**Assignment:**
A word-for-word copy of the lines from the one holding "AniForte Vitality Cobs Natur 14 kg" through the final line of the records below is the only output asked for.

(Short descriptive text snippets)

──────────────────────────────

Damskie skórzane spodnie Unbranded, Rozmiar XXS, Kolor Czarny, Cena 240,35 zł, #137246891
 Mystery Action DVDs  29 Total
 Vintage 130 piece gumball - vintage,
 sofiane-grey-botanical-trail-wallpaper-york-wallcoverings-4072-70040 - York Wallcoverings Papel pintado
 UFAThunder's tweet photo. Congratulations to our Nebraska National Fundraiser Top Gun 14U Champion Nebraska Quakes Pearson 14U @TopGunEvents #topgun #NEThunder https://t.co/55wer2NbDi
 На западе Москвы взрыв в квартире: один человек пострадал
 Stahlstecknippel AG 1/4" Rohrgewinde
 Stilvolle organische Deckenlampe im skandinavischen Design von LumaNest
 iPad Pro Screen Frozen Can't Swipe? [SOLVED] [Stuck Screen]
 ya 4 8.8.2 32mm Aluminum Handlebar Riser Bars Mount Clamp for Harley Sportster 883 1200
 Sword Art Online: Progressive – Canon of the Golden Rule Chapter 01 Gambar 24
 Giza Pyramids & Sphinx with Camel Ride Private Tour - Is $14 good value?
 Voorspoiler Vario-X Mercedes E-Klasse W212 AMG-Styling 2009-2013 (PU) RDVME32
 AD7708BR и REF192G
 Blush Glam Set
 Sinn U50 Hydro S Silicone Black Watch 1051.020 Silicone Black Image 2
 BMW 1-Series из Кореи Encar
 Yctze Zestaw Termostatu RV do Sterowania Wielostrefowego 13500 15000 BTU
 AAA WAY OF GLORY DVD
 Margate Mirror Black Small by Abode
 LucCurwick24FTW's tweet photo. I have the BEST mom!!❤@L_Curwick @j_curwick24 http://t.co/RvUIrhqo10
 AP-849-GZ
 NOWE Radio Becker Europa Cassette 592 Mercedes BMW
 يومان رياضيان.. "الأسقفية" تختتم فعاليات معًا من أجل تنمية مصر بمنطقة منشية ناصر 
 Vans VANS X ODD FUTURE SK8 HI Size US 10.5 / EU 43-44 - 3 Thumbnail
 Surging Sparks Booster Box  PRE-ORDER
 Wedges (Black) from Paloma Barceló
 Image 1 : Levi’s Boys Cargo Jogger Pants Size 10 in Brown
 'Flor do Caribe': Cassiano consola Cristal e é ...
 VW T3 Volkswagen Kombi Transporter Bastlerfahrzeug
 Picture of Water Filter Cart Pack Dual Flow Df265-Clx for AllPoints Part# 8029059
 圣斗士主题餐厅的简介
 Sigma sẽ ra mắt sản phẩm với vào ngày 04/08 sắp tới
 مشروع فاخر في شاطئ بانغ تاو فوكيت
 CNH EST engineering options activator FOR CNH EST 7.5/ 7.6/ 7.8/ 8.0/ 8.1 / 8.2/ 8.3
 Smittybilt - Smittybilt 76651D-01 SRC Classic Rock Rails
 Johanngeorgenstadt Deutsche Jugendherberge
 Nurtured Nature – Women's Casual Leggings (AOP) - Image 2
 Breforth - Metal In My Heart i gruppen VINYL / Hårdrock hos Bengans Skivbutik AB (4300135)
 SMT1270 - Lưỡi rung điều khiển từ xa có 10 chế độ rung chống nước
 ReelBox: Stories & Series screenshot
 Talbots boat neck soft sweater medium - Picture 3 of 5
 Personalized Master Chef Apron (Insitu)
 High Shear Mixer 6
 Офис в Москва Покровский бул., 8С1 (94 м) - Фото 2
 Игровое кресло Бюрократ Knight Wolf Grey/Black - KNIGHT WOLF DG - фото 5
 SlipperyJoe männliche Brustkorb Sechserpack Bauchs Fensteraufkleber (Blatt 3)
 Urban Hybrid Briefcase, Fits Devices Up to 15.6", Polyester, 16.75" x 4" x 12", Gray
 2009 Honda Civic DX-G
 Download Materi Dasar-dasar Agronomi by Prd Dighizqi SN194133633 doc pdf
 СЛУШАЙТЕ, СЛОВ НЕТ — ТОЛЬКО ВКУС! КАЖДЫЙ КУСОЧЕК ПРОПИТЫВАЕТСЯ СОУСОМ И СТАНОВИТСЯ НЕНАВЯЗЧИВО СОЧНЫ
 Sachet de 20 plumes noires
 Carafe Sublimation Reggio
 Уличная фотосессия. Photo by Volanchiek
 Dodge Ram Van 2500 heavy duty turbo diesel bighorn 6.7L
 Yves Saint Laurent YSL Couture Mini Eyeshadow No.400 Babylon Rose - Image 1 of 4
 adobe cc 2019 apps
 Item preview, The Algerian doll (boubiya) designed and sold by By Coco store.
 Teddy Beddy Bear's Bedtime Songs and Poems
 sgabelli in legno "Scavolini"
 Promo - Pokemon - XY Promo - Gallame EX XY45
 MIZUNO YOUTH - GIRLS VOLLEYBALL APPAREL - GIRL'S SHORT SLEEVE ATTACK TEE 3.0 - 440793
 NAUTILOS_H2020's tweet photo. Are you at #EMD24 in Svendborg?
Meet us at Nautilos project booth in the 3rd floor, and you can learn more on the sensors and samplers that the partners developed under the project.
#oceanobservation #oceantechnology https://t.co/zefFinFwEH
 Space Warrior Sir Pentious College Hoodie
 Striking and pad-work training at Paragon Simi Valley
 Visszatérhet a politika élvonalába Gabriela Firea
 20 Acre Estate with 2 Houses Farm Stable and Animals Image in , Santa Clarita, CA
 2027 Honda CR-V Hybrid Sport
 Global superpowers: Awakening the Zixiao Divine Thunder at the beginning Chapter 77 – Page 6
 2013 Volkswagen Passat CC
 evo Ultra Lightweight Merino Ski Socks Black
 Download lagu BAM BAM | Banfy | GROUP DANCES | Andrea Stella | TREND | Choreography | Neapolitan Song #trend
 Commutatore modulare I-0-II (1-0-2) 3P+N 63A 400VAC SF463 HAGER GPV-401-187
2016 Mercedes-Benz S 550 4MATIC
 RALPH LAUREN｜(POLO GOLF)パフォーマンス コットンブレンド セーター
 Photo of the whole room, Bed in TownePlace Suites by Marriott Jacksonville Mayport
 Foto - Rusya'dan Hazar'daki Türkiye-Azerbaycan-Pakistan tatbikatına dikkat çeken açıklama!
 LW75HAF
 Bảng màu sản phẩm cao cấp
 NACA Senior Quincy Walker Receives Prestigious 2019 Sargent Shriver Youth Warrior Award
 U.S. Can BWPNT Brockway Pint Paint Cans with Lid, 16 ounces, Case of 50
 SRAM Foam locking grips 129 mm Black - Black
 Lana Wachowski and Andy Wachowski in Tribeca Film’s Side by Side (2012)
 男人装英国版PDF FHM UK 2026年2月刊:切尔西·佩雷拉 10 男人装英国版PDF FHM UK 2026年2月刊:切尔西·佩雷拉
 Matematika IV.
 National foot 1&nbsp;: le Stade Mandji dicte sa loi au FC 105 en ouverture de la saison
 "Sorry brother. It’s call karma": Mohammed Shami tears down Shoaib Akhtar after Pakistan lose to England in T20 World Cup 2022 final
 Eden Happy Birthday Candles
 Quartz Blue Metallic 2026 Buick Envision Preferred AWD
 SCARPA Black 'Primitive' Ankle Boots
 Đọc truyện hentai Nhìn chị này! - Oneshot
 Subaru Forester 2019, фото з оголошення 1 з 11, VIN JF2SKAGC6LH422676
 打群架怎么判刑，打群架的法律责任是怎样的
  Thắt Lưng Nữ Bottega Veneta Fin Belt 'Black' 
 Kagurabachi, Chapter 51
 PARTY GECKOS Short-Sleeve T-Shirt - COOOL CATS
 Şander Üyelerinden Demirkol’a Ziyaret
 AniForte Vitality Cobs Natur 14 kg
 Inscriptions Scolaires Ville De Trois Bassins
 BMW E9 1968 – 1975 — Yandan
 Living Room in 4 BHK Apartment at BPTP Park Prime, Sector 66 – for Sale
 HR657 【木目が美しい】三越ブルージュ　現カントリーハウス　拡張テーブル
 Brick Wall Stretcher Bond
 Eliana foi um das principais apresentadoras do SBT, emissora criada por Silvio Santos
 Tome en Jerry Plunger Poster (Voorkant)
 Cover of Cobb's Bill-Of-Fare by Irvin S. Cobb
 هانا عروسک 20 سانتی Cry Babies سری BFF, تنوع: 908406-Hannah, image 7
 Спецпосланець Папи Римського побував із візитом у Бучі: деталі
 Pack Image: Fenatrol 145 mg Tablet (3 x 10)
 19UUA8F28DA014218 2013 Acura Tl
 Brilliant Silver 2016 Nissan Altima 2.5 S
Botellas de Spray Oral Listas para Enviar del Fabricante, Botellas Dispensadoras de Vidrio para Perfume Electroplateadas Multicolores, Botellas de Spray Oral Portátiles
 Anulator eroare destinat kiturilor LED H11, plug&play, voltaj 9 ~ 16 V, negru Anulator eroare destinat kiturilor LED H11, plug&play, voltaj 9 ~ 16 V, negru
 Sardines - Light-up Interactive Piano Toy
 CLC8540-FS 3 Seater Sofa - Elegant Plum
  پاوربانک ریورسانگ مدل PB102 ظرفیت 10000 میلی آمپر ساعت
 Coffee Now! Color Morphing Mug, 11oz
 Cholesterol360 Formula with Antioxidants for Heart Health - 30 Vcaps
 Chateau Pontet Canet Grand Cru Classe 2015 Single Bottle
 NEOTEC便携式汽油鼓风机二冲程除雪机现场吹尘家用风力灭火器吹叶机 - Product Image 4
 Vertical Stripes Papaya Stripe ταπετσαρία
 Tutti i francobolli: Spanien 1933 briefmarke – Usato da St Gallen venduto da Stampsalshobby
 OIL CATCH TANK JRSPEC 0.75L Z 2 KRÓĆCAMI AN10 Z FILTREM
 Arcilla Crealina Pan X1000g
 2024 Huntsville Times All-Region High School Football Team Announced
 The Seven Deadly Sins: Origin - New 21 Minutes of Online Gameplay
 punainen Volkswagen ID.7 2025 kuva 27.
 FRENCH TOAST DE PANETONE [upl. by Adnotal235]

──────────────────────────────

**Task result:**
 AniForte Vitality Cobs Natur 14 kg
 Inscriptions Scolaires Ville De Trois Bassins
 BMW E9 1968 – 1975 — Yandan
 Living Room in 4 BHK Apartment at BPTP Park Prime, Sector 66 – for Sale
 HR657 【木目が美しい】三越ブルージュ　現カントリーハウス　拡張テーブル
 Brick Wall Stretcher Bond
 Eliana foi um das principais apresentadoras do SBT, emissora criada por Silvio Santos
 Tome en Jerry Plunger Poster (Voorkant)
 Cover of Cobb's Bill-Of-Fare by Irvin S. Cobb
 هانا عروسک 20 سانتی Cry Babies سری BFF, تنوع: 908406-Hannah, image 7
 Спецпосланець Папи Римського побував із візитом у Бучі: деталі
 Pack Image: Fenatrol 145 mg Tablet (3 x 10)
 19UUA8F28DA014218 2013 Acura Tl
 Brilliant Silver 2016 Nissan Altima 2.5 S
Botellas de Spray Oral Listas para Enviar del Fabricante, Botellas Dispensadoras de Vidrio para Perfume Electroplateadas Multicolores, Botellas de Spray Oral Portátiles
 Anulator eroare destinat kiturilor LED H11, plug&play, voltaj 9 ~ 16 V, negru Anulator eroare destinat kiturilor LED H11, plug&play, voltaj 9 ~ 16 V, negru
 Sardines - Light-up Interactive Piano Toy
 CLC8540-FS 3 Seater Sofa - Elegant Plum
  پاوربانک ریورسانگ مدل PB102 ظرفیت 10000 میلی آمپر ساعت
 Coffee Now! Color Morphing Mug, 11oz
 Cholesterol360 Formula with Antioxidants for Heart Health - 30 Vcaps
 Chateau Pontet Canet Grand Cru Classe 2015 Single Bottle
 NEOTEC便携式汽油鼓风机二冲程除雪机现场吹尘家用风力灭火器吹叶机 - Product Image 4
 Vertical Stripes Papaya Stripe ταπετσαρία
 Tutti i francobolli: Spanien 1933 briefmarke – Usato da St Gallen venduto da Stampsalshobby
 OIL CATCH TANK JRSPEC 0.75L Z 2 KRÓĆCAMI AN10 Z FILTREM
 Arcilla Crealina Pan X1000g
 2024 Huntsville Times All-Region High School Football Team Announced
 The Seven Deadly Sins: Origin - New 21 Minutes of Online Gameplay
 punainen Volkswagen ID.7 2025 kuva 27.
 FRENCH TOAST DE PANETONE [upl. by Adnotal235]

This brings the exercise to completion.